Great care should be taken in storing biometrics, but we should all recognize that protecting any data from the malicious insider is nearly impossible. The best option is to store biometrics that cannot be used for account access.
IT organizations will spend a bundle replacing obsolete password technology in favor of more secure authentication methods. Password technology is fundamentally flawed in that a password can be copied and therefore stolen and shared. Because of the replay flaw, passwords don’t identify the user. The same flaw can be said of many other technologies including tokens, smartcards and even biometrics. Without a method of determining if authentication data is genuine, biometrics and other technologies are no more secure than a password.
The Most Innovative and Thorough Technology For Verifying and Identifying A Computer User, Authenticates the Authentication Data.
Biometrics identifies unique characteristics of a person. Determining if a biometrics sample is live at the moment of login is key to securely implementing biometrics. Many static biometrics such as fingerprint, iris scans and other image based biometrics can uniquely identify a person as long as the sample can itself be authenticated to be genuine. Unfortunately, attended operation of scanners is not practical. Let’s face it, fingerprint and iris scanners are also too expensive to consider on a large scale.
Other biometrics technology including face and voice recognition can be captured using inexpensive and widely deployed webcams and microphones. Like the aforementioned scanning technologies malicious insiders and other criminals can obtain copies of pictures and voice recordings leaving security engineers with the problem of authenticating the authentication data.
Any ol’ sample of someone’s voice may be ok to access you recipes online, but for big money transfers, probably not. Determining that a voice sample was spoken for the sole purpose of the current authentication must be at the heart of your authentication technology. Of course, that goes for all modalities, not just voice.
Independent of the problem of determining if biometrics samples are genuine, there is the problem of convenience. Users find it easy to submit samples in the quiet of their well-lit office. In the real world, the roar of jet engines and the dark of the Porsche-office can pose significant challenges for users.
An approach including numerous modalities can mitigate many of these challenges in combination with algorithms that payoff with one of the modalities passing. Implementing “OR” logic can significantly increase the frequency of successful positive identification in the real world as opposed to strict fusion scores. For instance, allowing genuine voice identification or genuine face recognition will allow users to be identified in poorly lit or noisy venues.
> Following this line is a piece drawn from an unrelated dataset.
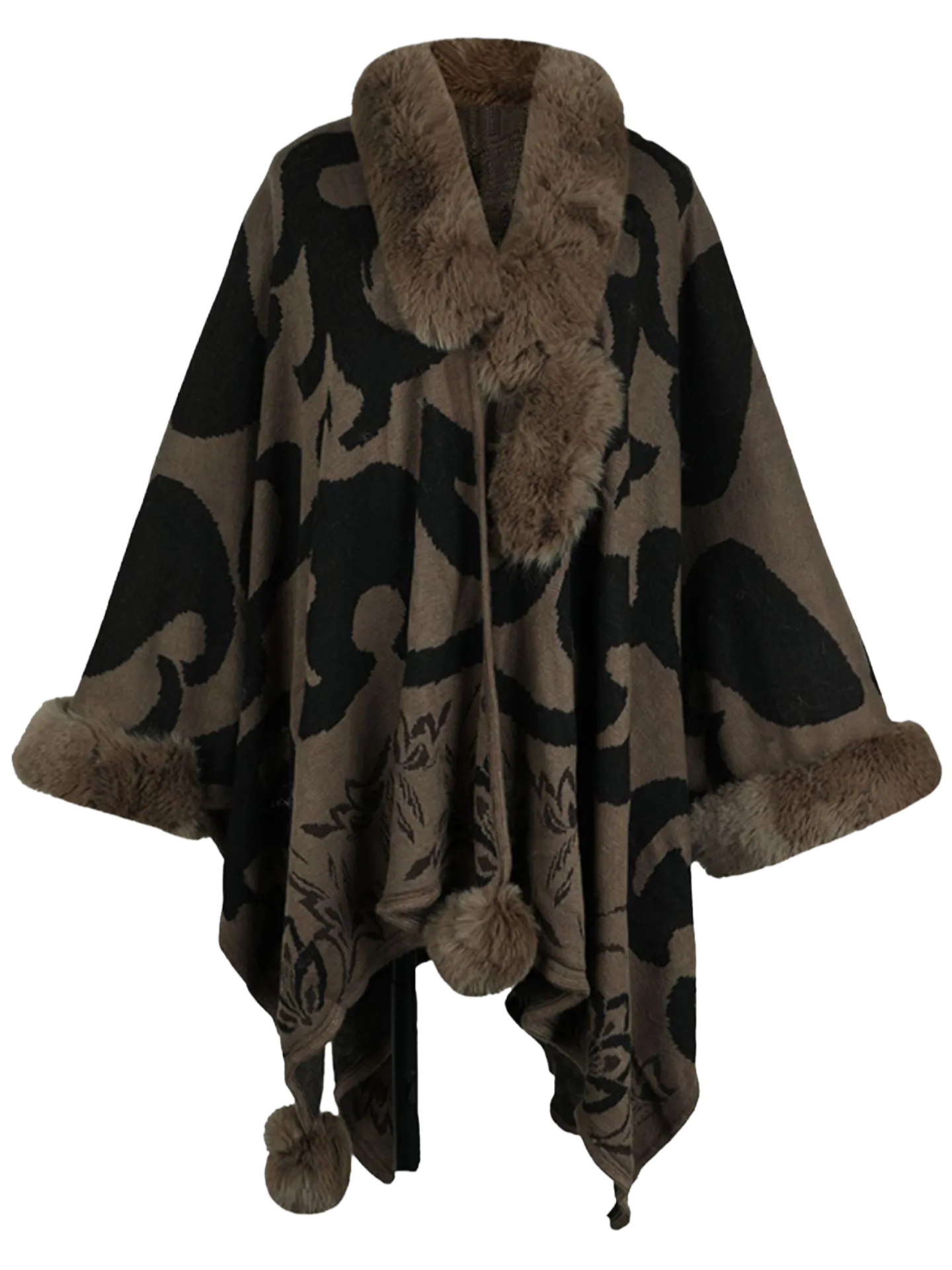 Faux Fur Trim Poncho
Perhaps equally important is the notion of using multiple biometrics engines to run against the same sample. Each vendor offers different advantages. For instance, some voice recognition vendors have better noise suppression while others have focused on removing electronic signatures from samples. Depending on the user’s noisy environment or microphone, different signal processing gives the user a better experience.
Adding face recognition to mix can provide a useful alternative to voice recognition when a good audio sample is difficult to obtain. Facial recognition from a genuine sample is also a significant deterrent to the malicious insider. Having your picture on six o’clock new is not usually a goal of the criminally minded.
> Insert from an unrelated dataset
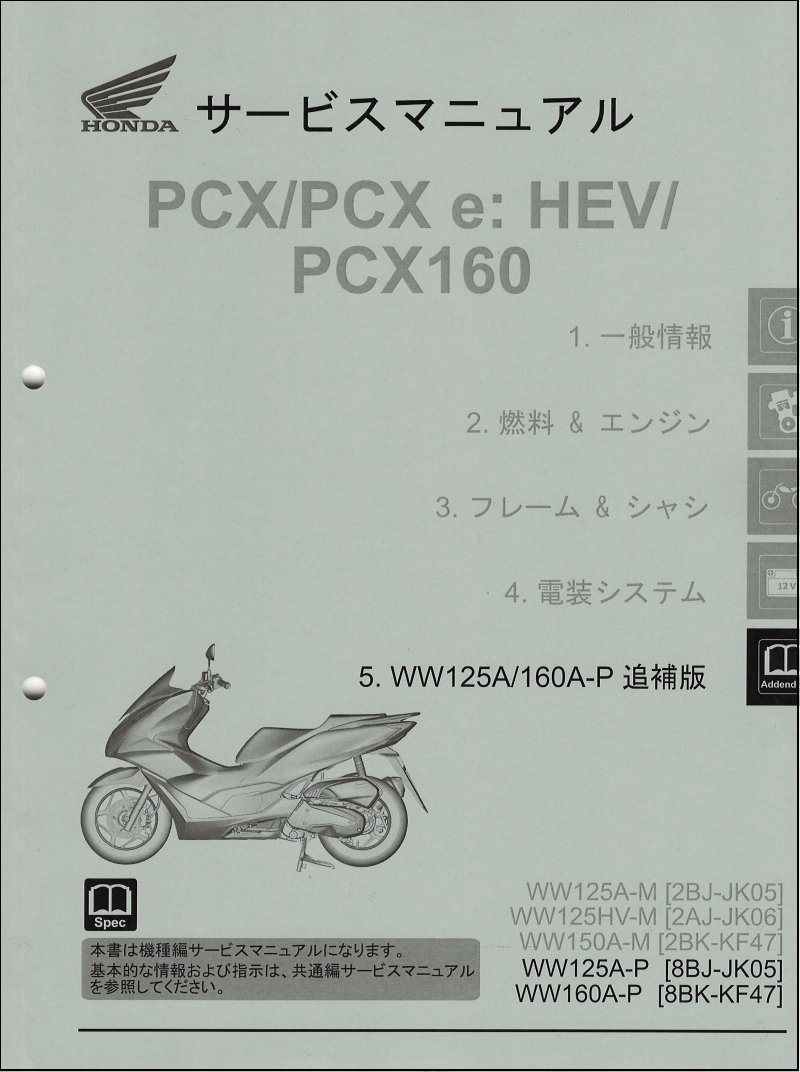 PCX/PCX125/PCX160/e:HEV/WW125A/HV/WW150A/WW160A（JK05/JK06/KF47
Of course, the key to successful user identification must start with genuine samples and not replays. When deciding on any security system, one must consider the possible actions of the malicious insider. We should assume that insiders can gain access to samples. If those samples can be replayed to gain access to accounts, then the system is not secure. We should also assume malicious insider will give self-samples to coconspirators leaving the system with no way to identify perpetrators. Anonymity continues to invite the criminals to the crime scene.